╔══

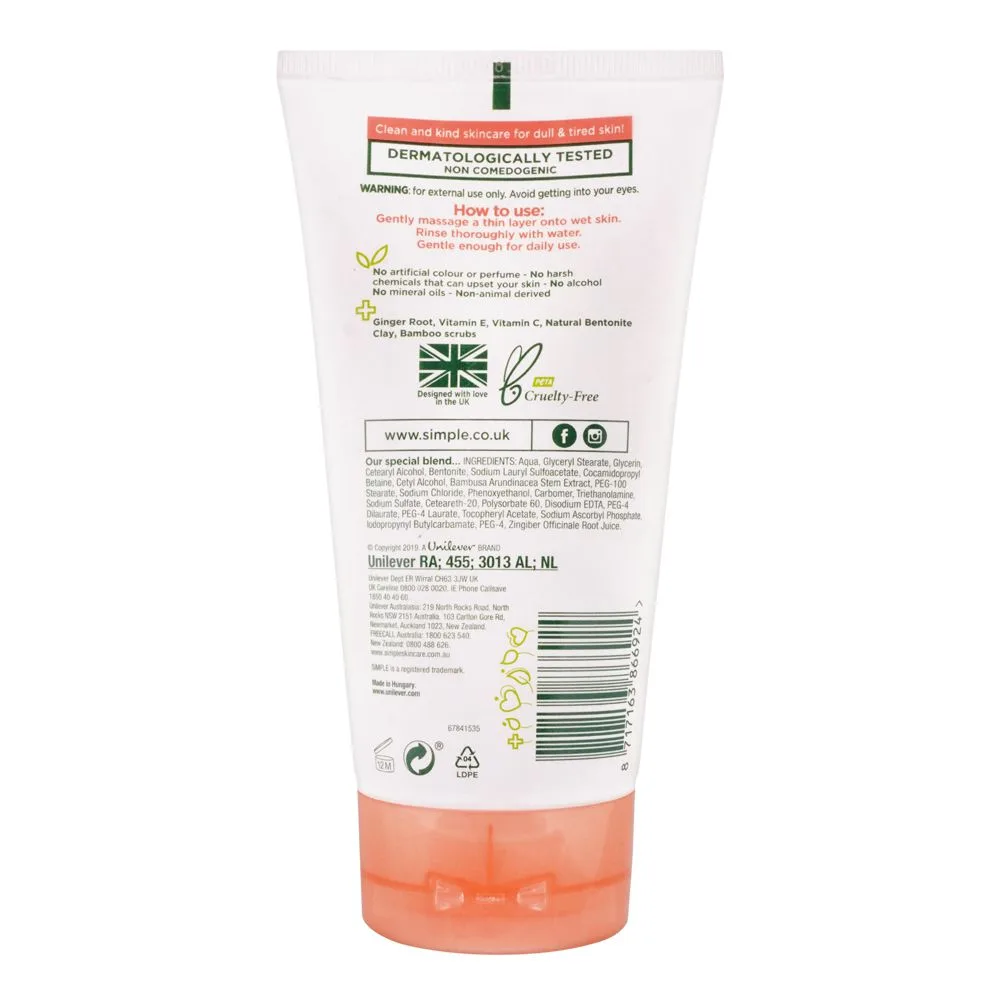 Side view of simple protect 'n' glow express glow clay polish, for dull & tired skin, 150ml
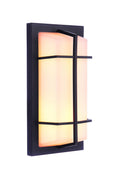 Bulkhead Rectangular Medium Outdoor Wall Lantern in Textured Black Finish by Craftmade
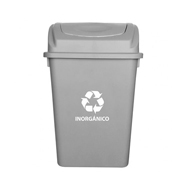 Cesto con tapa inorganico Sablon color gris con impresion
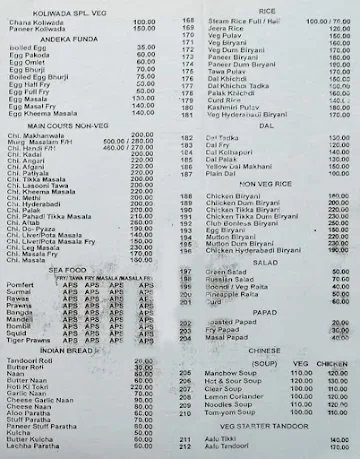 Hotel Alvita menu 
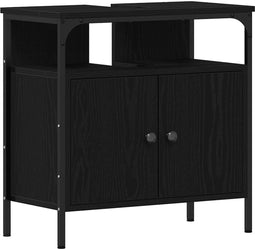 vidaXL - Wastafelkast - 60x30x60 - cm - spaanplaat - zwart - eikenkleurig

╚══

— Task description —
Reproduce only the lines from the line that holds "Hotel Alvita menu" through the end of the records, exactly as they stand, both ends included and pictures excluded.

— Response —
 Hotel Alvita menu 
 vidaXL - Wastafelkast - 60x30x60 - cm - spaanplaat - zwart - eikenkleurig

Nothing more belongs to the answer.